Titolo: Uno, nessuno e centomila
Autore: Luigi Pirandello
Genere: Classico

Trama:

Nel momento in cui la moglie di Domenico Moscarda gli fa notare che il suo naso pende verso destra, l'uomo comprende di non conoscersi davvero né fisicamente né caratterialmente. Anzi comprende che ogni persona che lo conosce, lo vede in modo diverso, ma che lui non potrà mai vedersi come lo vedono gli altri. Quindi lui chi è davvero?

Stile di scrittura:

Difficile dare un giudizio tecnico ad uno stile di scrittura che ormai ha quasi un secolo. Una cosa è certa, per un romanzo del 1926 lo stile è quasi innovativo, ma c'è da dire che lo stesso Pirandello era innovativo, forse il migliore dei suoi tempi.

È stato quasi divertente leggere parole che non sono più di uso comune, o che magari ora si pronunciano in modo diverso; quanto mi piace veder scritto "maraviglia" invece che "meraviglia".

Un'altra cosa che ho notato è l'uso spropositato della punteggiatura. Molto spesso, anzi direi quasi sempre le frasi sono spezzate da virgole che specificano continui sottintesi; altre volte troviamo invece frasi corte e concise che appaiano quasi come esclamazioni pur senza aver bisogno del punto interrogativo, tanto sono perentorie.

Narrazione:

La narrazione è di una particolarità unica, ma d'altronde da un Pirandello, già in quei tempi immerso nel teatro, non ci si poteva aspettare nient'altro.

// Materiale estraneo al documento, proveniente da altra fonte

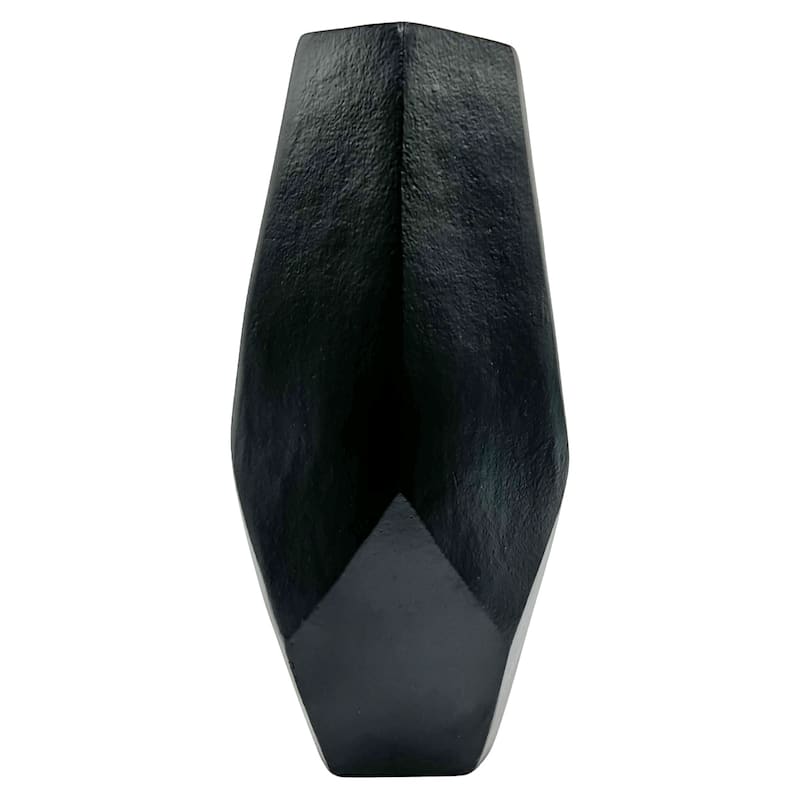 16 Inch Tall Decorative Handmade Aluminum Modern Diamond Flower Vase - Black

Tutto il racconto, tutta la follia e i pensieri, ci vengono raccontati dallo stesso protagonista, Moscarda. Lui non solo ci racconta cosa gli è accaduto dal momento in cui la moglie gli fa notare il naso storto, ma cerca anche costantemente di convincerci delle sue teorie. Si rivolge direttamente al lettore, ponendogli domande, delle volte sottintese, altre volte in cui le risposte sono intuibili.

Per l'intero romanzo, il protagonista cerca di dimostrarci che lui ha ragione, che non è pazzo, che siamo noi a non vedere la realtà per quella che è.

Giudizio personale:

Mi è impossibile dare un giudizio completamente positivo a questo libro. Di certo è un capolavoro classico, di certo è stato divertente da leggere (soprattutto non costretta, come quando lo si doveva leggere a scuola), ma tutta quella continua introspezione, tutto quel ribadire che lui vedeva sé in un modo, quello in un altro, quell'altro vedeva lui in un altro modo e quell'altro ancora vedeva l'altro in modo diverso. Insomma tutte quelle che, ora, definiamo appunto Maschere Pirandelliane, alcune volte mi hanno fatto venire il mal di testa e altre volte hanno tolto pathos all'azione. Perché non credete che questo romanzo sia introspettivo e basta, alcuni momenti particolari e adrenalinici li ha, ma purtroppo sono completamente smorzati dai rimugini di Moscarda.

In ogni caso è un classico, che almeno una volta nella vita andrebbe letto.